Respondent, on the other hand, asserts the appeal should be dismissed as moot, or, alternatively, should be dismissed because defendant executed a valid waiver of her appellate rights as part of the negotiated disposition. Last, respondent asserts defendant was not denied due process prior to execution of her jail sentence.
Respondent filed an earlier motion to dismiss the appeal on this ground, which this Court denied by order dated October 7, 2011. Accordingly, we need not revisit the issue here.
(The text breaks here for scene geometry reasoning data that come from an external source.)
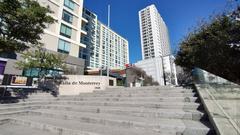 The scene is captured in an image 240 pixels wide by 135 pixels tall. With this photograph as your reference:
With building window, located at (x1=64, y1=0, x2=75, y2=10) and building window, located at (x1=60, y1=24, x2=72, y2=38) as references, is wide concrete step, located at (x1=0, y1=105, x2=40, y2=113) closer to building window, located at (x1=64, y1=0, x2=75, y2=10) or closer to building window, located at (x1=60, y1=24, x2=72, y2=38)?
building window, located at (x1=60, y1=24, x2=72, y2=38)

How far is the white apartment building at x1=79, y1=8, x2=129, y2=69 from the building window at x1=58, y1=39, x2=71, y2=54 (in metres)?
23.8

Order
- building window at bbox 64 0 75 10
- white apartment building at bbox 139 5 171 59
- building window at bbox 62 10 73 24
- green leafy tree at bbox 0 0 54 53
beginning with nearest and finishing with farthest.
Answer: green leafy tree at bbox 0 0 54 53 → building window at bbox 62 10 73 24 → building window at bbox 64 0 75 10 → white apartment building at bbox 139 5 171 59

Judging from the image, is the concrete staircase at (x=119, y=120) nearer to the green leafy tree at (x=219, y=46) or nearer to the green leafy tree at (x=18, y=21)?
the green leafy tree at (x=18, y=21)

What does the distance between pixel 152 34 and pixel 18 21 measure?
119 meters

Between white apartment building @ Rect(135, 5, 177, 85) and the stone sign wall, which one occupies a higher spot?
white apartment building @ Rect(135, 5, 177, 85)

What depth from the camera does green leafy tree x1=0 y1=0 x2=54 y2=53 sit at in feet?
22.4

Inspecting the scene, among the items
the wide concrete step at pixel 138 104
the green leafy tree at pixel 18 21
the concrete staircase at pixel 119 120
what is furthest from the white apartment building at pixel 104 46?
the concrete staircase at pixel 119 120

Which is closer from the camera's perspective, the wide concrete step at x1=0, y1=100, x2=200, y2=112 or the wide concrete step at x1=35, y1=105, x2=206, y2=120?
→ the wide concrete step at x1=35, y1=105, x2=206, y2=120

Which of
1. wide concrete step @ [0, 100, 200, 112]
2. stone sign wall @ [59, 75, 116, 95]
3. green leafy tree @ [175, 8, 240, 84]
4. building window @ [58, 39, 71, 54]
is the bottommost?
wide concrete step @ [0, 100, 200, 112]

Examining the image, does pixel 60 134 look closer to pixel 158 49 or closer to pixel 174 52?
pixel 174 52

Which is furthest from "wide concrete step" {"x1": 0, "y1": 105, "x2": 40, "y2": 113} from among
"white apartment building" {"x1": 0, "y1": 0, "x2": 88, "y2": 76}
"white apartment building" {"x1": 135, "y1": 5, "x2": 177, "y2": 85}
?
"white apartment building" {"x1": 135, "y1": 5, "x2": 177, "y2": 85}

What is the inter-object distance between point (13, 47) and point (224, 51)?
1232 cm

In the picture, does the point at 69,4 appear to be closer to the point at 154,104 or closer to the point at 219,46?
the point at 219,46

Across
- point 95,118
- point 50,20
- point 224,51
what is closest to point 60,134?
point 95,118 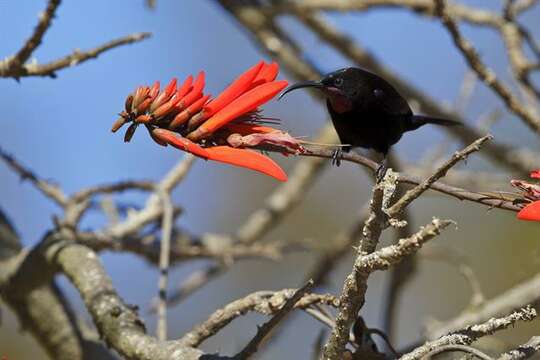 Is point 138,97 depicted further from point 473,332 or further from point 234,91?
point 473,332

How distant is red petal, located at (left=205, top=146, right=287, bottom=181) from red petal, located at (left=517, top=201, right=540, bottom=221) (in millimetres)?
373

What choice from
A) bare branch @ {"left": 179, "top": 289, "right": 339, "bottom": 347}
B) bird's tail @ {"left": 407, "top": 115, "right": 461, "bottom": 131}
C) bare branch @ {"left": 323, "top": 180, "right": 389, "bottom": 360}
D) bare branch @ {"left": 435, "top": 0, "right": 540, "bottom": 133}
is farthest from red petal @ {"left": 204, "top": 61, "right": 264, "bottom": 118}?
bird's tail @ {"left": 407, "top": 115, "right": 461, "bottom": 131}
We first address the question of mootness. " 'It is well settled that the duty of this court, as of every other judicial tribunal, is to decide actual controversies by a judgment which can be carried into effect, and not to give opinions upon moot questions or abstract propositions, or to declare principles or rules of law which cannot affect the matter in issue in the case before it [citation].' (Citation.)" (In re J.G. (2001) 159 Cal.App.4th 1056, 1062.) " ' "It necessarily follows that when, pending an appeal from the judgment of a lower court, and without any fault of the defendant, an event occurs which renders it impossible for this court, if it should decide the case in favor of plaintiff, to grant him any effectual relief whatever, the court will not proceed to a formal judgment, but will dismiss the appeal. [Citations.]" [Citations.]' (Citations.)" (In re Sodersten (2007) 146 Cal.App.4th 1163, 1217.)
The traditional rule is that if a defendant has already served his or her sentence, the appeal is moot and the defendant is precluded from attacking either the sentence or the conviction. (See People v. DeLong (2002) 101 Cal.App.4th 482, 487.) California courts, however, have fashioned several exceptions to the traditional rule that allow an appeal to proceed even where a defendant has served his or her sentence. One exception applies where a defendant could face adverse collateral legal consequences in the future as a result of either the sentence or the conviction. (See, e.g., People v. Ellison (2003) 111 Cal.App.4th 1360, 1368-1369 [appeal not moot after defendant's conviction for drug possession had been set aside pursuant to Prop 36 upon completion of her probation and drug treatment because the conviction counted as a felony for purposes of making possession of a firearm illegal].) Another exception applies if the challenged decision leaves defendant "with a besmirched name or the stigma of criminality." (People v. DeLong, supra, 101 Cal.App.4th at p. 492; see also In re Dana J. (1972) 26 Cal.App.3d 768, 771 [where juvenile court placed minor on probation for loitering without adjudging him a ward of court, appeal was not moot after expiry of probation period because juvenile should be afforded the opportunity to "clear his name" of a criminal charge].) Neither exception applies here.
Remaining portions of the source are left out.